• [Records from a dataset]
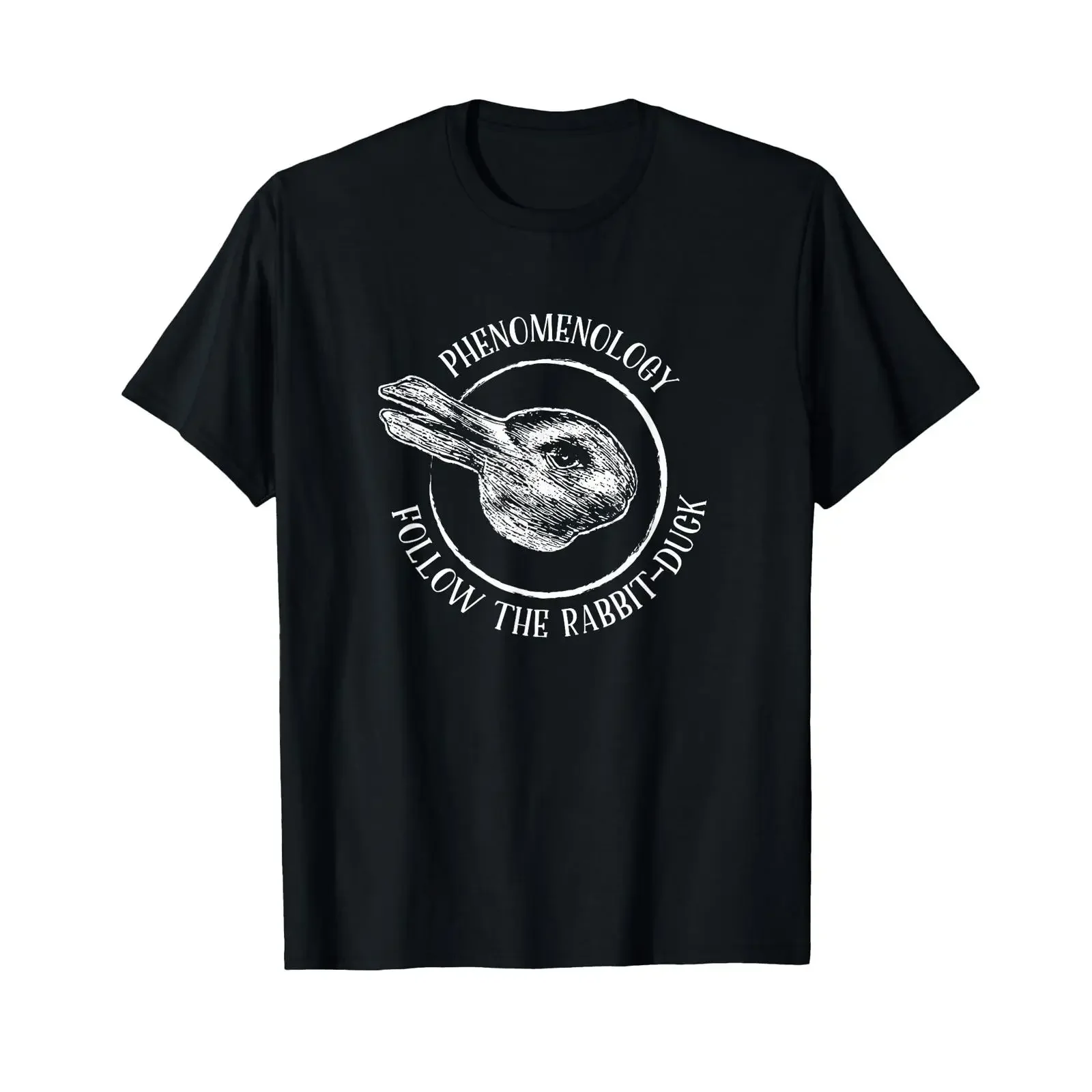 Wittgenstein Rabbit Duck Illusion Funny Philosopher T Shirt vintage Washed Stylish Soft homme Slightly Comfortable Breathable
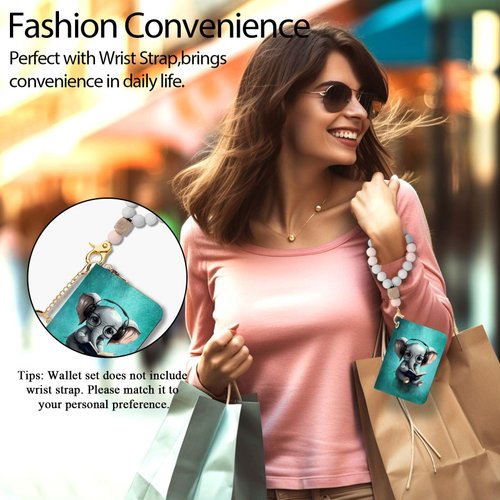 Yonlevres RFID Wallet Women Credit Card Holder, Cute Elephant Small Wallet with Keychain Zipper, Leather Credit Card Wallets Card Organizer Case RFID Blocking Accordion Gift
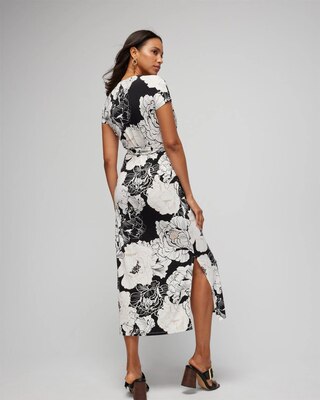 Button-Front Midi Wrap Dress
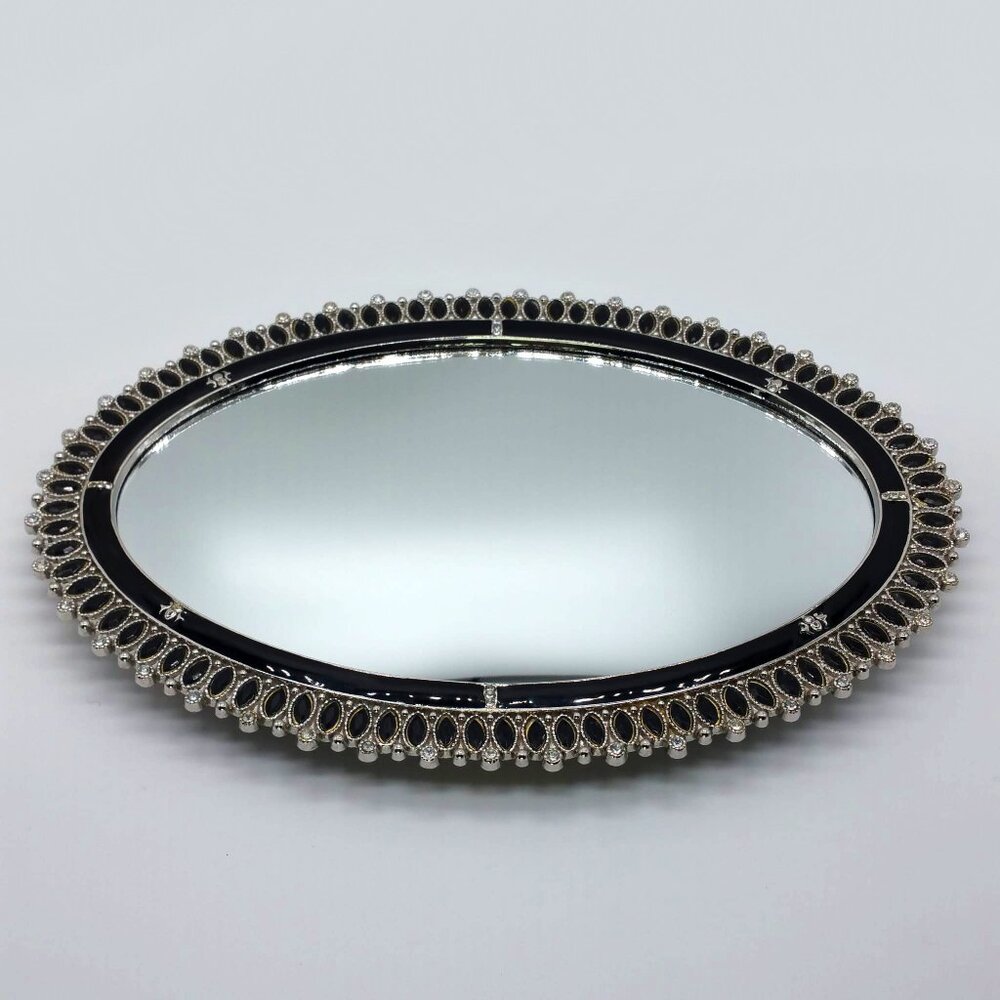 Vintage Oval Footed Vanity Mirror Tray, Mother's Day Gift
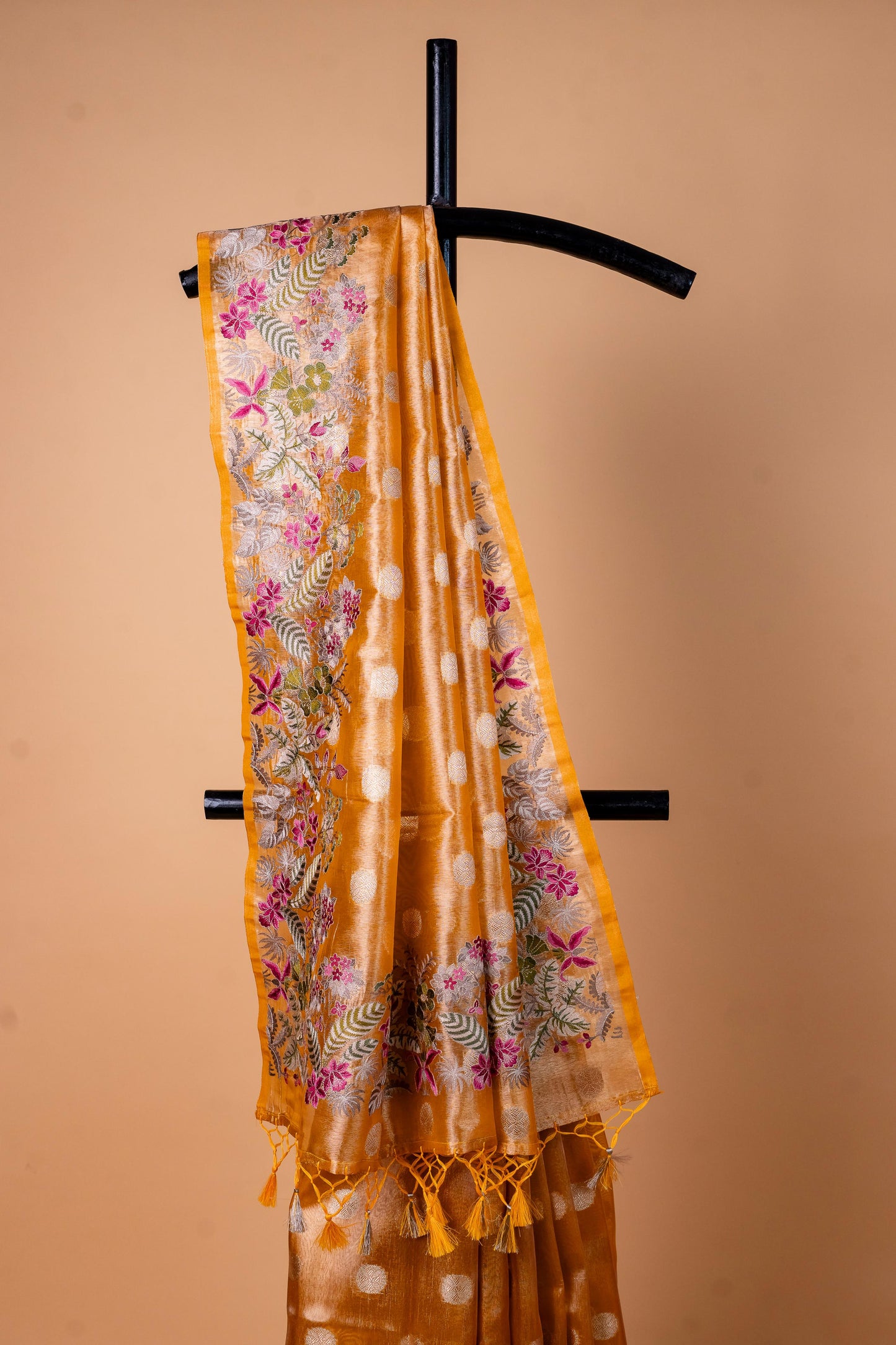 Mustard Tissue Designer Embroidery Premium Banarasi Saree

• [Task]
Please output the lines from the line that contains "Button-Front Midi Wrap Dress" through the end of the records, both ends included, exactly and with no pictures.

• [Written answer]
 Button-Front Midi Wrap Dress
 Vintage Oval Footed Vanity Mirror Tray, Mother's Day Gift
 Mustard Tissue Designer Embroidery Premium Banarasi Saree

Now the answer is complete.